RBP4 is a cytokine that is secreted by adipose tissue and has proinflammatory properties. Studies have shown that RBP4 can lead to insulin resistance and affect protein anabolism in skeletal muscle indirectly, particularly under the stimulation of peroxisome proliferator-activated receptor-gamma (PPARγ) agonists [41]. Additionally, RBP4 has been found to activate adipose tissue macrophages and prime the NLRP3 inflammasome to produce IL-1β, IL-6 and TNF-α through Toll-like receptors 2/4 [42, 43]. A clinical study has shown that circulating RBP4 levels are closely related to SMM and muscle function among elderly individuals, making it a useful biomarker for screening sarcopenia [44]. DPP4 was identified as another adipokine that could be linked to skeletal muscle function and BMD in this study. DPP4 can produce IL-6 and TNF-α [45, 46] and exacerbate inflammation mediated by adipose tissue macrophages by interacting with adenosine deaminase (ADA) and other extracellular matrix proteins [47]. DPP4 can also impair the insulin signaling pathway, thereby contributing to insulin resistance [47]. Recent research has reported that elevated levels of DPP4 in elderly diabetes patients possibly induce the reduced mass and function of skeletal muscle [48, 49]. In addition, DPP4 has obvious negative effects on bone tissue. Zhang et al. discovered that higher levels of DPP4 are related to low BMD in postmenopausal women as well as a higher osteoporosis risk [50].

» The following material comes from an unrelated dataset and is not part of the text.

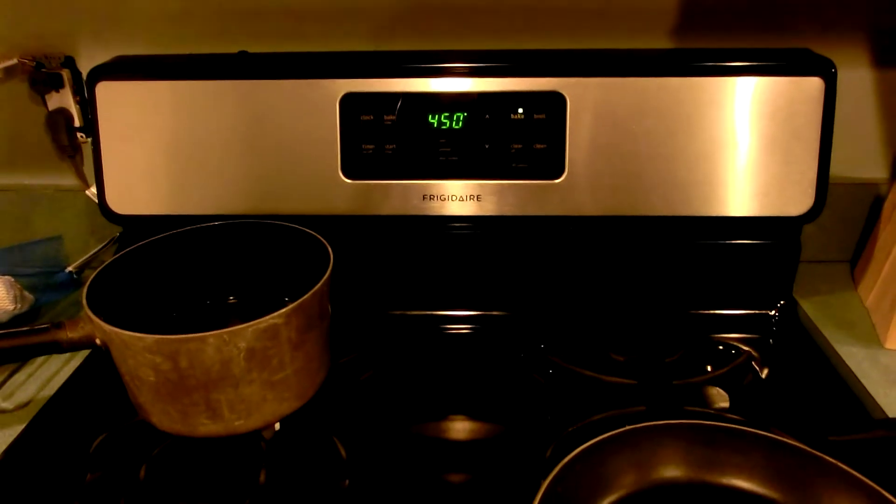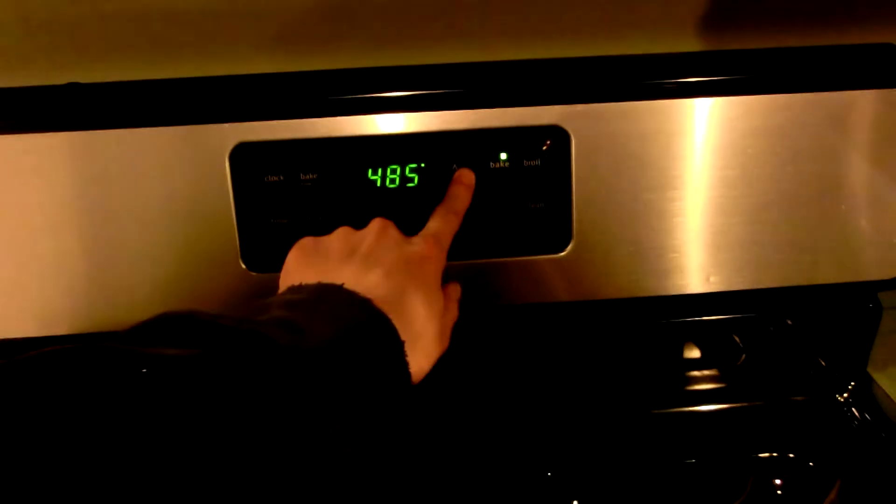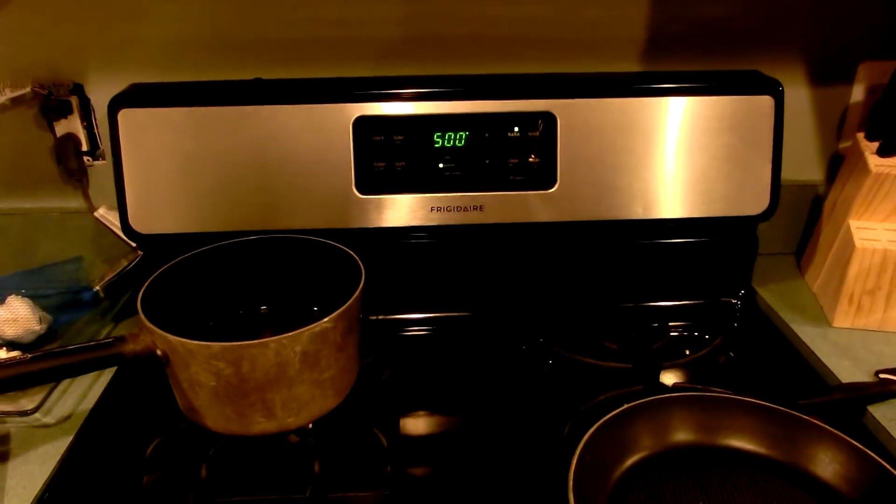So now it's been an hour. We're going to up the temperature to 500 degrees to make sure everything is absolutely dry, and wait one more hour. Then we'll come back and crack it out of the pan.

Study strengths and limitations

This study has several advantages. Samples assigned to 2 groups in the cross-sectional study were middle-aged and elderly individuals at similar ages, thus avoiding the interference of natural aging on skeletal muscles to the maximum extent. This study examined the correlation between BMD and skeletal muscle function from the perspective of adipokines and suggests that adipokines could be the key factors responsible for the degeneration of bone and skeletal muscle. Notably, our findings reveal for the first time that the protein levels of leptin and adiponectin within PBMCs can impact muscle mass and function. These clinically relevant findings could pave the way for developing new treatments to elevate skeletal muscle function in the future. This study, however, has notable shortcomings. Our clinical study had a small sample size, which has limited the ability to adjust for potential confounding factors. For instance, although there were differences in TG levels between the two groups, our study did not find any correlation between TG and skeletal muscle parameters or BMD. In addition, no follow-up was performed in this study, and future studies should incorporate a follow-up period to clarify the long-term impact of adipokines on skeletal muscle function. Moreover, we did not perform in vivo experiments to validate our conclusion.

Conclusions

Our clinical study and in vitro experiments have shown that individuals with decreased skeletal muscle function exhibit increased expression of LEP, ADIPOQ, RBP4, DPP4 and inflammatory markers. The increased levels of adipokines in skeletal muscle are possibly associated with a decrease in BMD and the occurrence of osteoporosis among middle-aged and elderly individuals. More research on the implications of this relationship and the development of effective clinical treatments are needed.

Data Availability

Data used in this work can be obtained from the corresponding author upon request.

Abbreviations

SMM:

Skeletal muscle mass

SMI:

Skeletal muscle mass index

IMCL:

Intramyocellular lipids

PBMCs:

Peripheral blood mononuclear cells

BMD:

Bone mineral density

WB:

Western blotting

ALT:

Alanine aminotransferase

WHO:

World Health Organization

eGFR:

Estimated glomerular filtration rate

Scr:

Serum creatinine

BUN:

Blood urea nitrogen

SUA:

Serum uric acid

AST:

Aspartate transaminase

ALP:

Alkaline phosphatase

TG:

Triglycerides

TC:

Total cholesterol

HDL:

High-density lipoprotein

LDL:

Low-density lipoprotein

HbA1c:

Glycated hemoglobin

CRP:

C-reactive protein

GEO:

Gene Expression Omnibus

DEGs:

Differentially expressed genes

KEGG:

Kyoto Encyclopedia of Genes and Genomes

IRGs:

Immune-related genes

PCA:

Principal component analysis

ROC:

Receiver operating characteristic

AUC:

Area under the curve

PRC:

Precision-recall curve

GO:

Gene ontology

PPI:

Protein‒protein interaction

ASM:

Appendicular skeletal muscle mass

FTSST:

5-Times Sit-to-Stand Test

HRP:

Avidin-Horseradish Peroxidase

BP:

Biological process

MF:

Molecular function

CC:

Cellular component

AMPK:

AMP-activated protein kinase

PGC-1α:

Peroxisome proliferator-activated receptor gamma coactivator-1α

AdipoR1:

Adiponectin receptor 1

PPARγ:

Peroxisome proliferator-activated receptor-gamma

ADA:

Adenosine deaminase

References

  1. Cruz-Jentoft AJ, et al. Sarcopenia: european consensus on definition and diagnosis: report of the european Working Group on Sarcopenia in Older People. Age Ageing. 2010;39(4):412–23.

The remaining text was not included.